The foam ban was formally submitted to New York's City Council in June 2013, in part due to EPS' relatively high costs of collection and recycling, and its potential impacts on the environment.
The Restaurant Action Alliance NYC is challenging the proposal due to what it says is the high cost of switching to an alternative container, a move it said could put some of its 1,000 members out of business.
The Alliance wants to see more discussion around ways of improving recycling options for the foam food containers. It has started a movement called ‘Put a Lid on it NYC’.
In a March 2013 report, the Alliance said that “this level translates into an effective minimum average cost increase of 94 per cent. In other words, for every $1.00 now spent on plastic foam foodservice and drink containers, NYC consumers and businesses will have to spend at least $1.94 on the alternative replacements, effectively doubling the cost to businesses. This 94 per cent is in effect an ‘environmental tax’ far higher than any current sales tax or import duty rates affecting the cost of consumer products.”
When Bloomberg discussed the ban in February 2013, he said, "now, one product that is virtually impossible to recycle and never bio-degrades is Styrofoam.
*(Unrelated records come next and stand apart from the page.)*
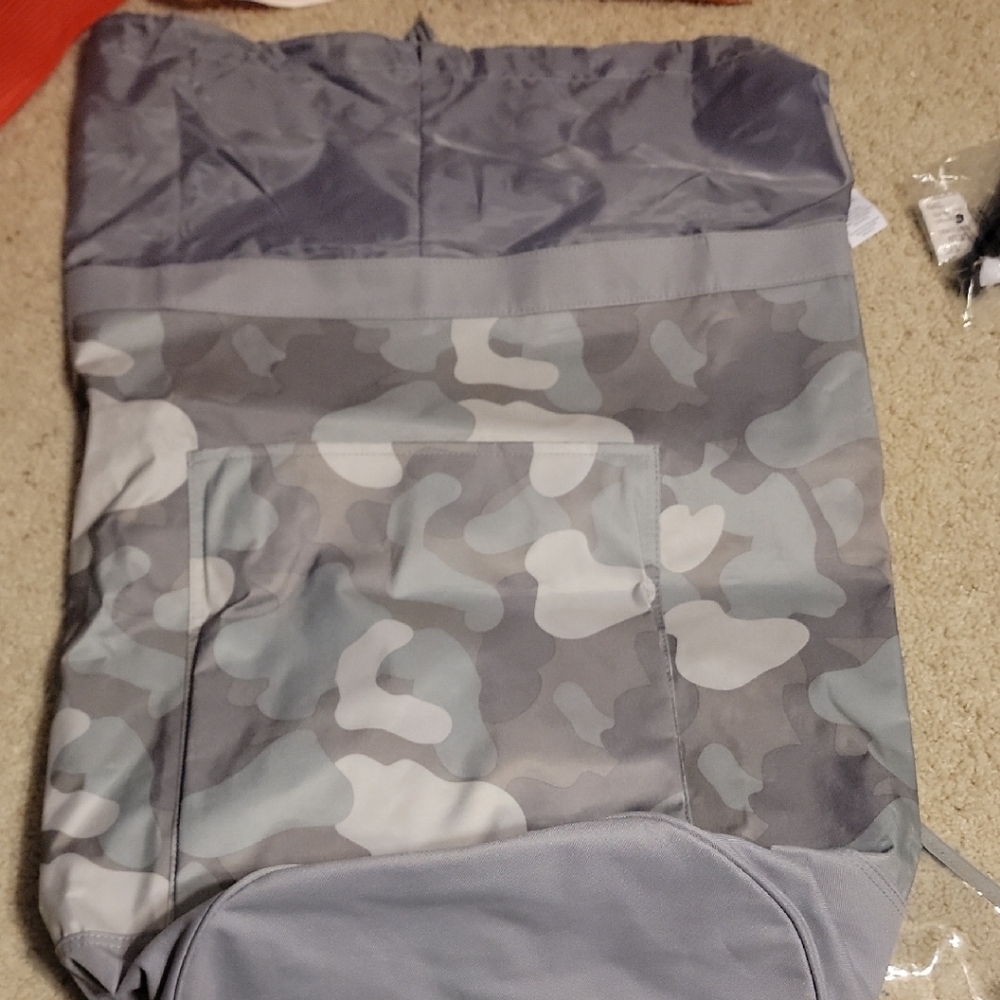 Thirty-One Gray Camouflage Garment Bag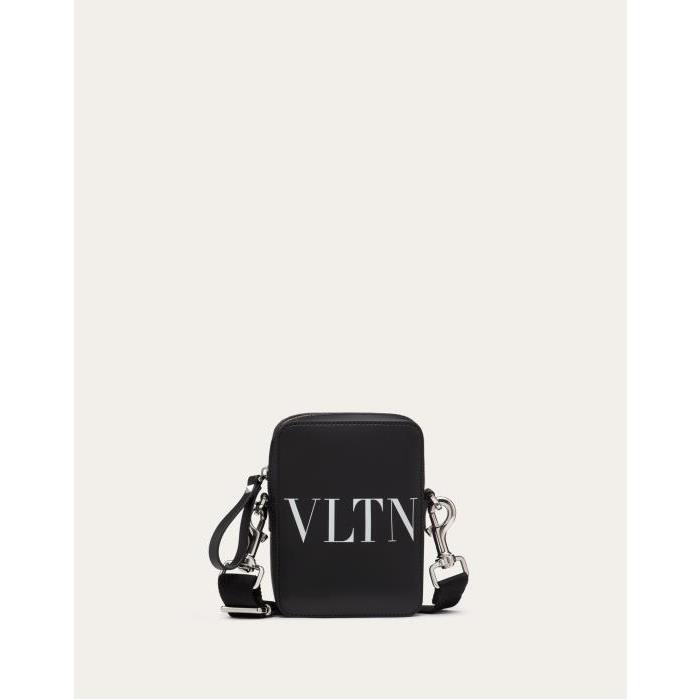 발렌티노 남성 숄더백 크로스백 Small Vltn Leather Crossbody Bag for Man in Black | Valentino GB YB0943WJW_0NI이끌라발렌티노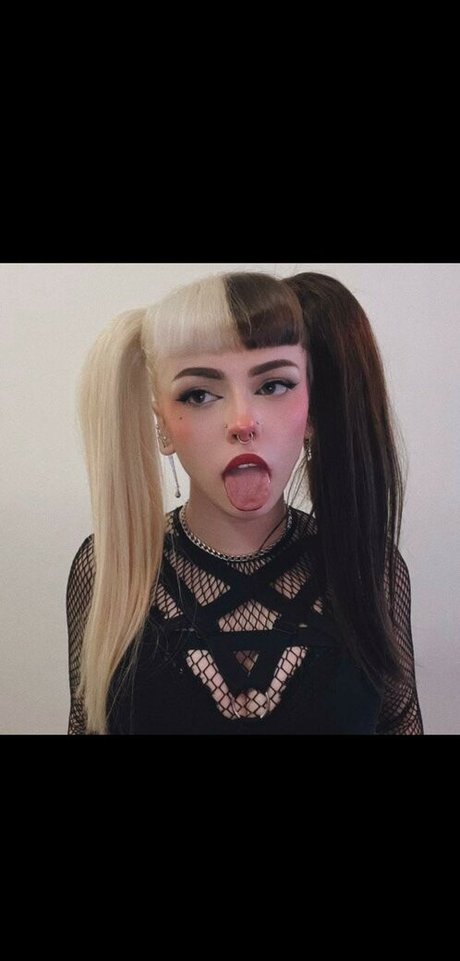 Photo nue de fuite OnlyFans de Emma Langevine
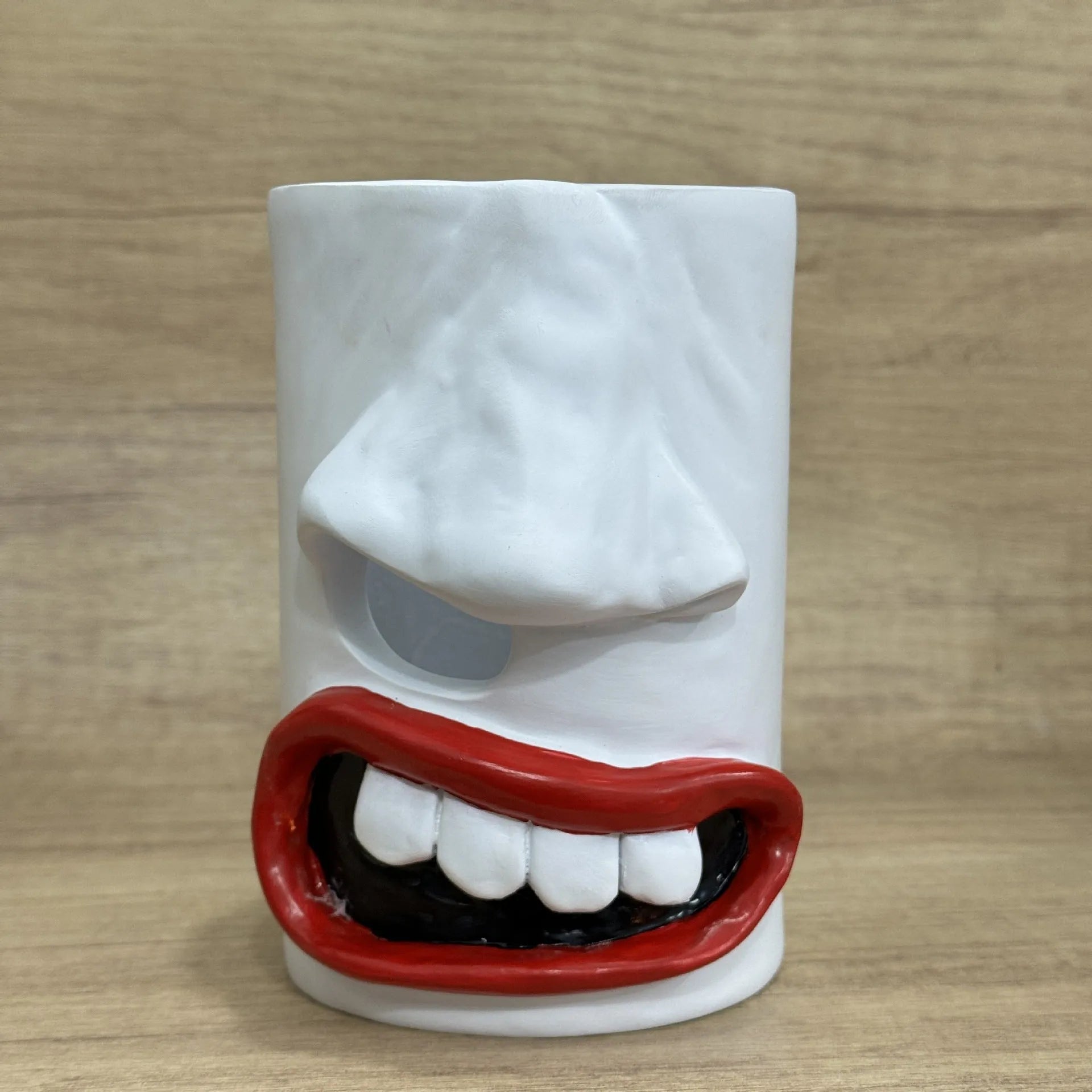 Resin tissue box holder with colourful American style funny tissue paper holder decoration on desk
But it's not just terrible for the environment. It's terrible for taxpayers. Styrofoam increases the cost of recycling by as much as $20 per tonne, because it has to be removed.”
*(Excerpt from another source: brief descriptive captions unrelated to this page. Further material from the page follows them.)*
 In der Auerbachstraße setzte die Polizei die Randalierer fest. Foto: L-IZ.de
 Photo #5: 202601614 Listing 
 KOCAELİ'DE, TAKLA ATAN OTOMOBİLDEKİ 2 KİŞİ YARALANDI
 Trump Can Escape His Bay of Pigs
At present, New York City diverts just 15 per cent of its waste stream, with an estimated 8 million tonnes of solid waste landfilled each year.
Mayor Bloomberg recently introduced its “Recycle Everything” campaign, which includes a number of recycling-related goals and program expansions such as increasing the city's overall recycling rate and expanding the city's growing composting program.